**Brief:** Every line from the one with "Use the strategy" up to and including the one with "As I've instructed, we" is to be output exactly as it appears below; pictures are not.

**Task material:**
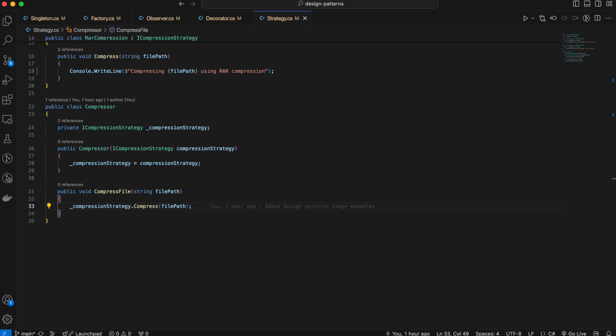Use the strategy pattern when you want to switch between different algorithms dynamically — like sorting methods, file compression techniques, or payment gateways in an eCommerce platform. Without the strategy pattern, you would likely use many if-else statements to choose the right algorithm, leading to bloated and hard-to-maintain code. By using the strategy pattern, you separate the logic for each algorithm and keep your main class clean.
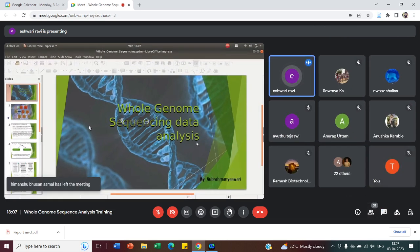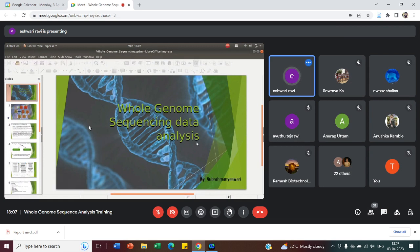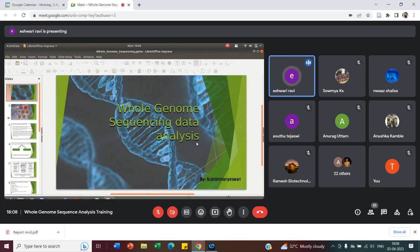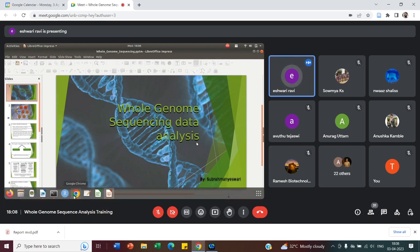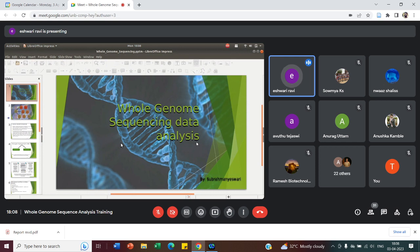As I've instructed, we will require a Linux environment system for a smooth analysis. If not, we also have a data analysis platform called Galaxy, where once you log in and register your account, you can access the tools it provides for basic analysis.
...
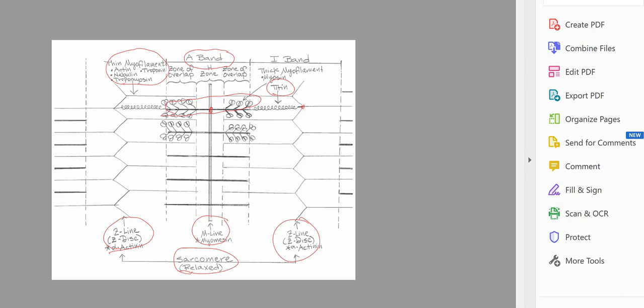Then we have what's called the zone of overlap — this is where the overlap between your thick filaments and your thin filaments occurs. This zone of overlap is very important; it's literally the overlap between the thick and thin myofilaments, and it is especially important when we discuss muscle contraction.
==
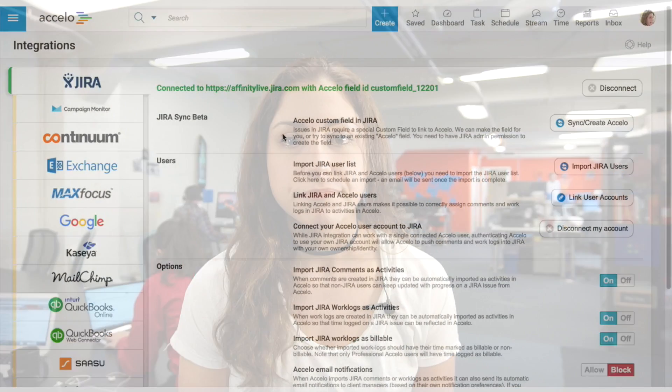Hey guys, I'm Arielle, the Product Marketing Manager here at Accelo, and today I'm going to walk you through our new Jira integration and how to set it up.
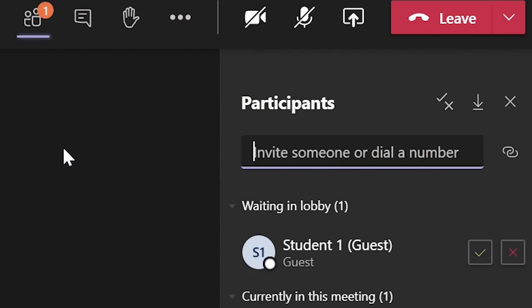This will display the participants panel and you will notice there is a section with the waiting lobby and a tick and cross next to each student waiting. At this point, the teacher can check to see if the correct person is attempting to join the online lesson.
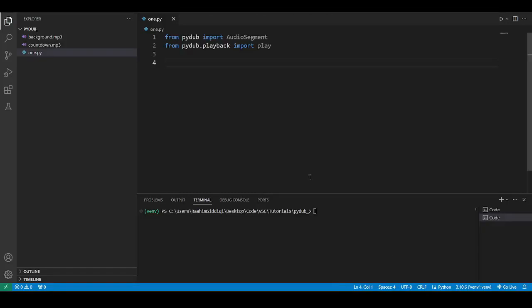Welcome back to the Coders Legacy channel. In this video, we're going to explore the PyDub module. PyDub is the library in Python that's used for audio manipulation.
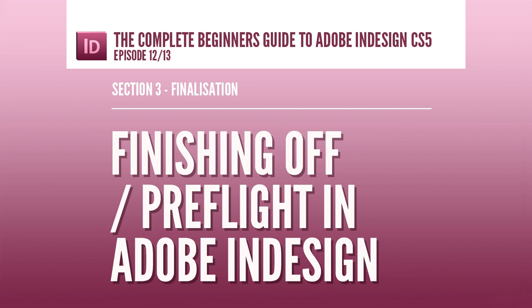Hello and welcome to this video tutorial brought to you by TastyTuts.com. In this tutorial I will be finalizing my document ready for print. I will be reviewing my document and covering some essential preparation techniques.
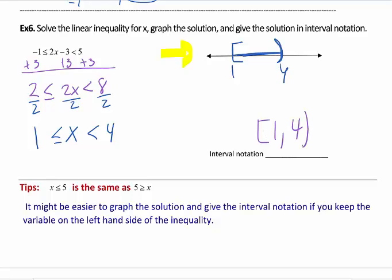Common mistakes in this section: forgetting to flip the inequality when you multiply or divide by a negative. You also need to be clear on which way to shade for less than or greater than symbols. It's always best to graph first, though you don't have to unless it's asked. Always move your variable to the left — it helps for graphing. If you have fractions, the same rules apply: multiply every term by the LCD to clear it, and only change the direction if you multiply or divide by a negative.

**Response for this exercise:**
Use the strategy pattern when you want to switch between different algorithms dynamically — like sorting methods, file compression techniques, or payment gateways in an eCommerce platform. Without the strategy pattern, you would likely use many if-else statements to choose the right algorithm, leading to bloated and hard-to-maintain code. By using the strategy pattern, you separate the logic for each algorithm and keep your main class clean.
As I've instructed, we will require a Linux environment system for a smooth analysis. If not, we also have a data analysis platform called Galaxy, where once you log in and register your account, you can access the tools it provides for basic analysis.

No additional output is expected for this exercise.